This wasn’t a situation where fencing off the cows and sprigging in new willows along the banks were going to make any appreciable difference in bringing the stream back to life.
“You could wait until the next ice age to get the habitat features back, given the level of human alteration to the stream system,” Pierce said.
Instead, managers aggressively rebuilt a 1.6-mile stretch of the creek. They added bends back into the stream’s route, increasing the stream’s length by 67 percent, and designed a deeper, narrower channel. The construction was completed in 2001, but that wasn’t the end of the work. In addition to some monitoring they had done before the restoration, researchers continued tracking water temperatures, habitat features, fish population and more for years.
The data has gone on to support a series of studies published in scientific journals, which will do their part to address gaps in the scientific literature about stream restoration.

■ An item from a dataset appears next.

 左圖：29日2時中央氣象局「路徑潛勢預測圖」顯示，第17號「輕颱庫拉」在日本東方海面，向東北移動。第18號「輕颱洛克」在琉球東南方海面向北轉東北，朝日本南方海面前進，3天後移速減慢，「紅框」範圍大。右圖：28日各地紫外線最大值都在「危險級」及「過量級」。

“There’s a basic institutional lack of monitoring on restoration projects across the entire continent,” Pierce said. Stream restoration ecology is a quickly growing field and the evaluations haven’t caught up with it.
“If you are going to do something as dramatic as that — put a machine in the channel and rebuild it from top to bottom — I think it’s incumbent to do the studies,” he said.
One of those studies, published in Transactions of the American Fisheries Society, showed that the average daily high stream temperatures in summer dropped by 3.2 degrees Celsius after the restoration, while the average daily temperature decreased from 11.2 degrees to 10 degrees. The most recent study, published online in January by the same journal, documents recovery of the trout populations after the restoration added wood for habitat and the new channel allowed features like pools, riffles and cut banks to return.
Pierce says that has a few more anglers on the stream.
“Prior to the work, I don’t think anybody was fishing the spring creek,” Pierce said. “But right now, it’s a pretty nice stream to fly fish.”
Besides the better fishing, the managers have the studies to prove that the restoration project did what they had hoped it would do. The numbers produced by the long-term monitoring help when engaging the public, Pierce said.
“One thing I’ve never liked is random acts of restoration,” he said. “If you don’t have good information, you really can’t tell anybody that you’re doing much good.”
And the agency is doing plenty of good worth talking about. Kleinschmidt Creek is one of about 50 streams his office has worked on as part of a larger restoration effort across the Blackfoot River basin. They have a lot of the high-priority work done, but there’s still a lot to address, from degraded habitat to fish passage barriers.
“When we started that project, we thought it would take about fifty years to restore the basin,” he said. “We’re about halfway through that, and I think we’re about on track.”